Biblio
Reliability and security tend to be treated separately because they appear orthogonal: reliability focuses on accidental failures, security on intentional attacks. Because of the apparent dissimilarity between the two, tools to detect and recover from different classes of failures and attacks are usually designed and implemented differently. So, integrating support for reliability and security in a single framework is a significant challenge.
Here, we discuss how to address this challenge in the context of cloud computing, for which reliability and security are growing concerns. Because cloud deployments usually consist of commodity hardware and software, efficient monitoring is key to achieving resiliency. Although reliability and security monitoring might use different types of analytics, the same sensing infrastructure can provide inputs to monitoring modules.
We split monitoring into two phases: logging and auditing. Logging captures data or events; it constitutes the framework’s core and is common to all monitors. Auditing analyzes data or events; it’s implemented and operated independently by each monitor. To support a range of auditing policies, logging must capture a complete view, including both actions and states of target systems. It must also provide useful, trustworthy information regarding the captured view.

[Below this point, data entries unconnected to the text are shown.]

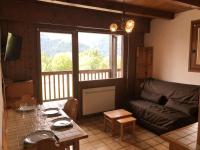 Charmant 2 pièces avec balcon et parking - Proche centre et pistes - 4 pers. - FR-1-595-86 - B&B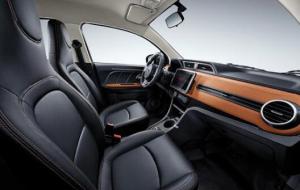 高續(xù)航版電咖EV10亮相北京車展 里程升級可達320公里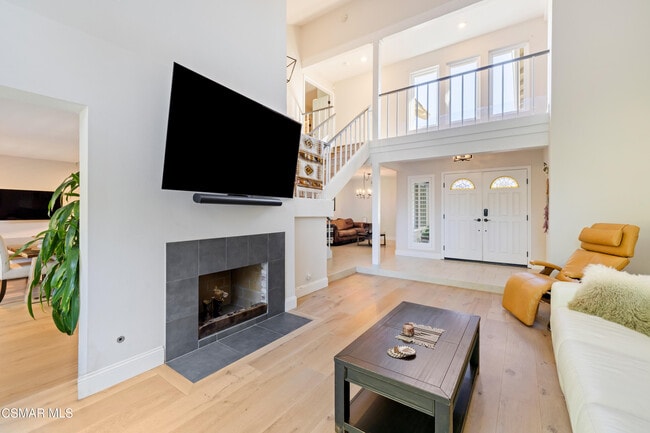 Photo - 885 Rim Crest Dr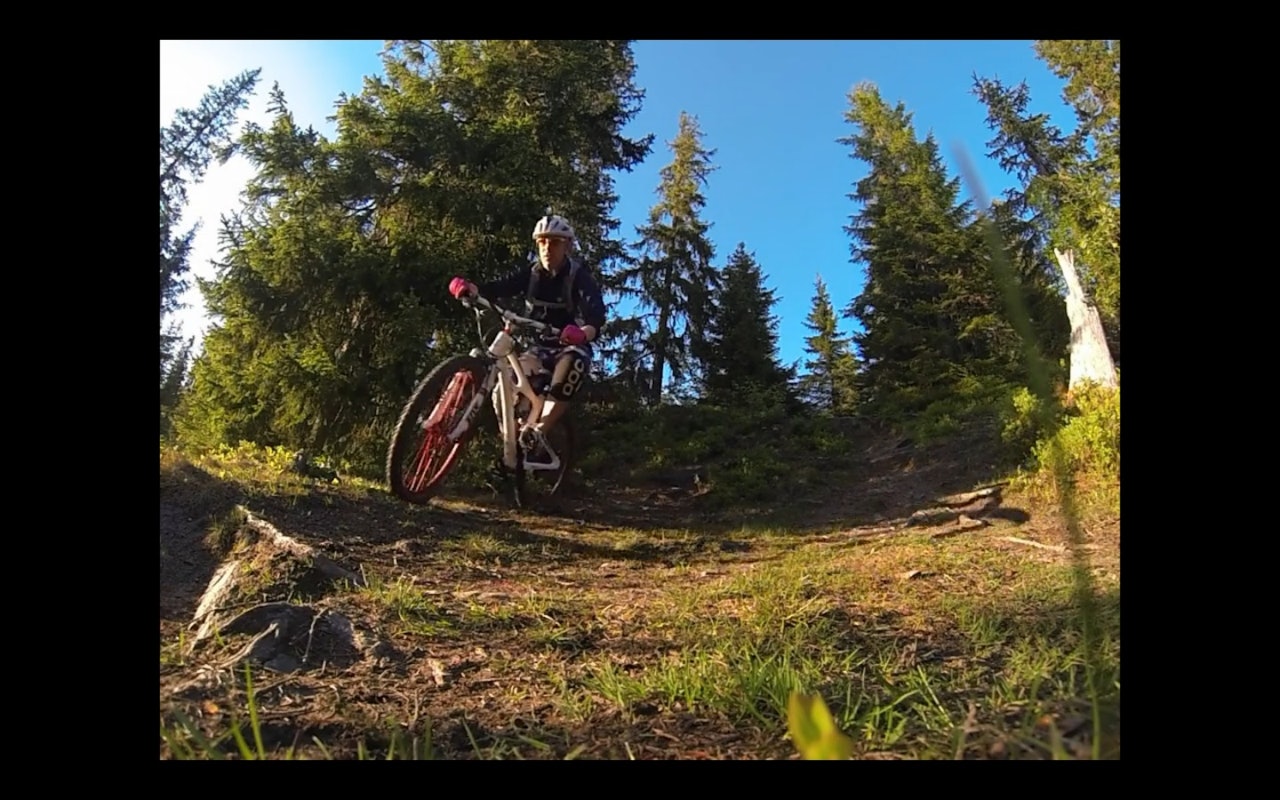 BATTERILADING: Når Erik Volent trenger en energiboost brenner han litt krutt i Bymarka. Her lar han alle oss andre nyte en oppkvikker også. BATTERILADING: Når Erik Volent trenger en energiboost brenner han litt krutt i Bymarka. Her lar han alle oss andre nyte en oppkvikker også.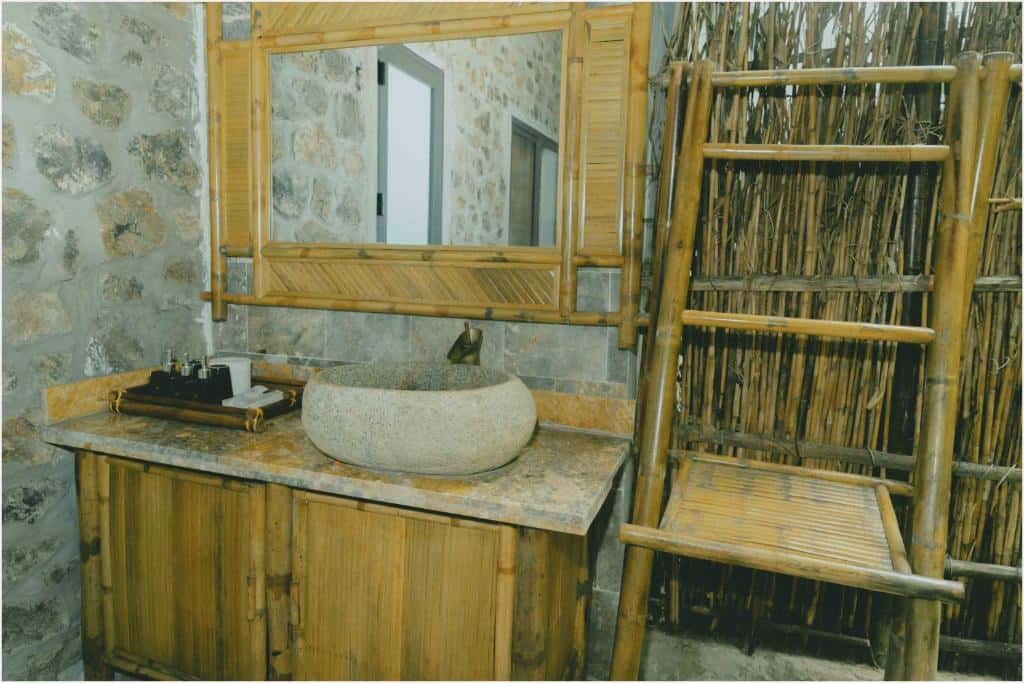 justfly triple garden view room trang an ecolodge ninh binh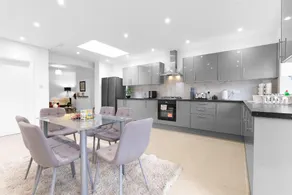 Spacious 4 Bed Semi-Detached Hse  - Image 3
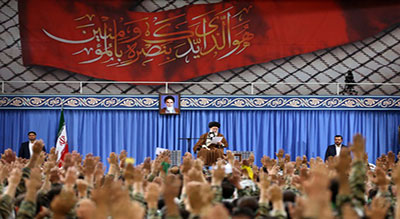 Leader Khamenei aux Bassidj : les jeunes ont infligé une cuisante défaite aux USA en Syrie et en Irak

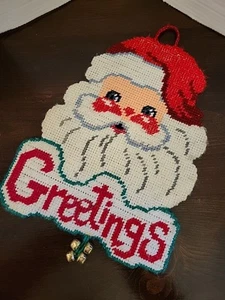 Vintage Needlepoint Plastic Canvas Santa Claus Wall Hanging 16x13"  - Imagen 1 de 6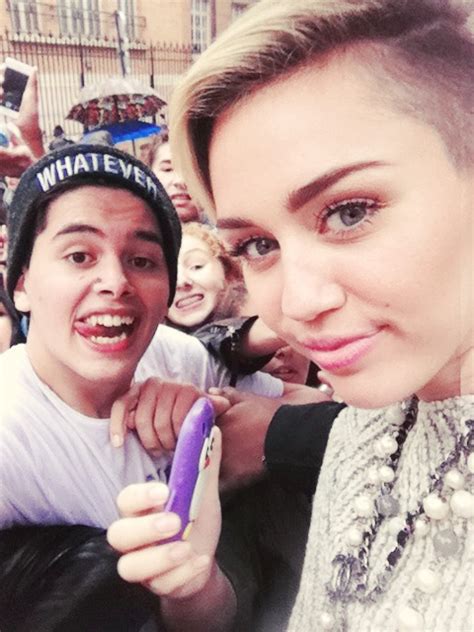 Miley with a Fan - Miley Cyrus Photo (35519237) - Fanpop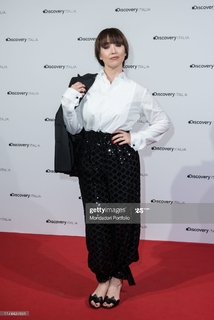 Chiara Francini feet photo thumbnail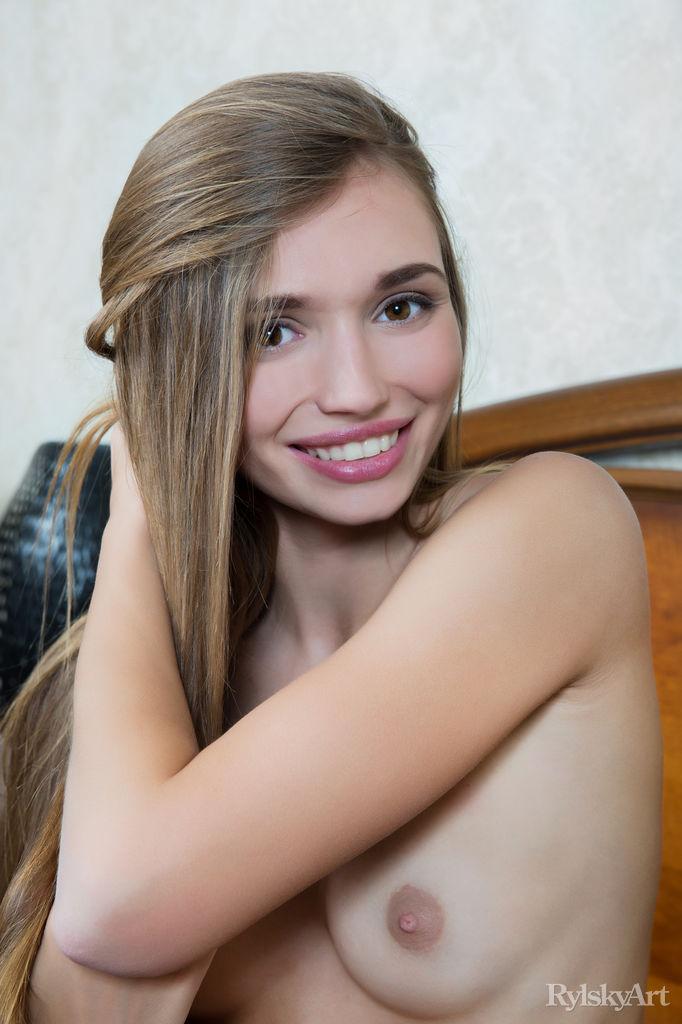 Smiling girl is spreading legs - Steffi - 3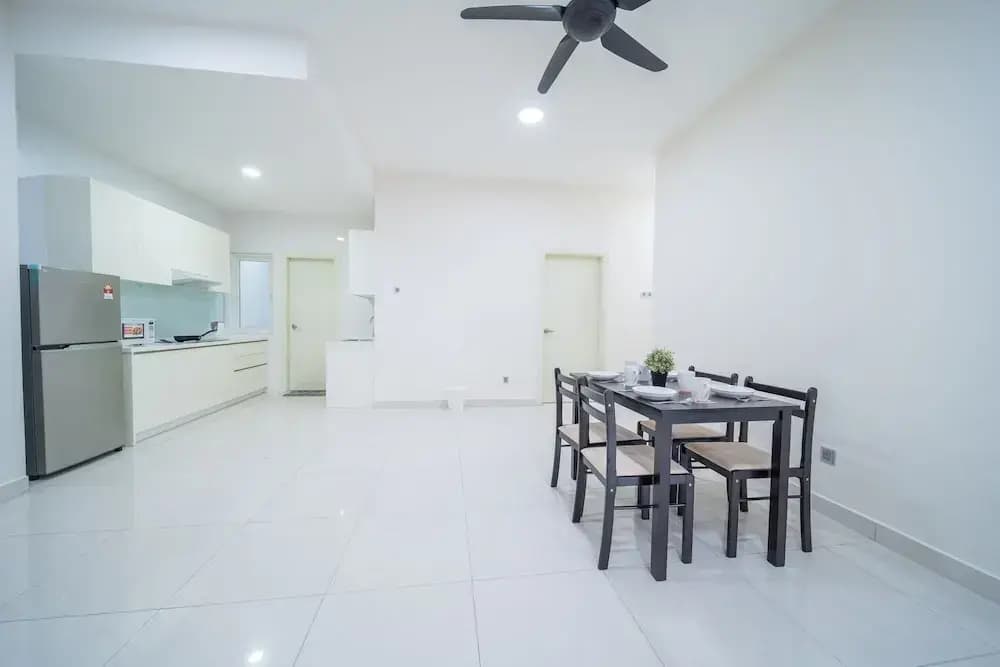 OYO Home 89449 Fancy 2 Bedroom Crest Residence - photo 29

We applied these principles when designing HyperTap, a hypervisor-level monitoring framework for virtual machines (VMs). Unlike most VM-monitoring techniques, HyperTap employs hardware architectural invariants (hardware invariants, for short) to establish the root of trust for logging. Hardware invariants are properties defined and enforced by a hardware platform (for example, the x86 instruction set architecture). Additionally, HyperTap supports continuous, event-driven VM monitoring, which enables both capturing the system state and responding rapidly to actions of interest.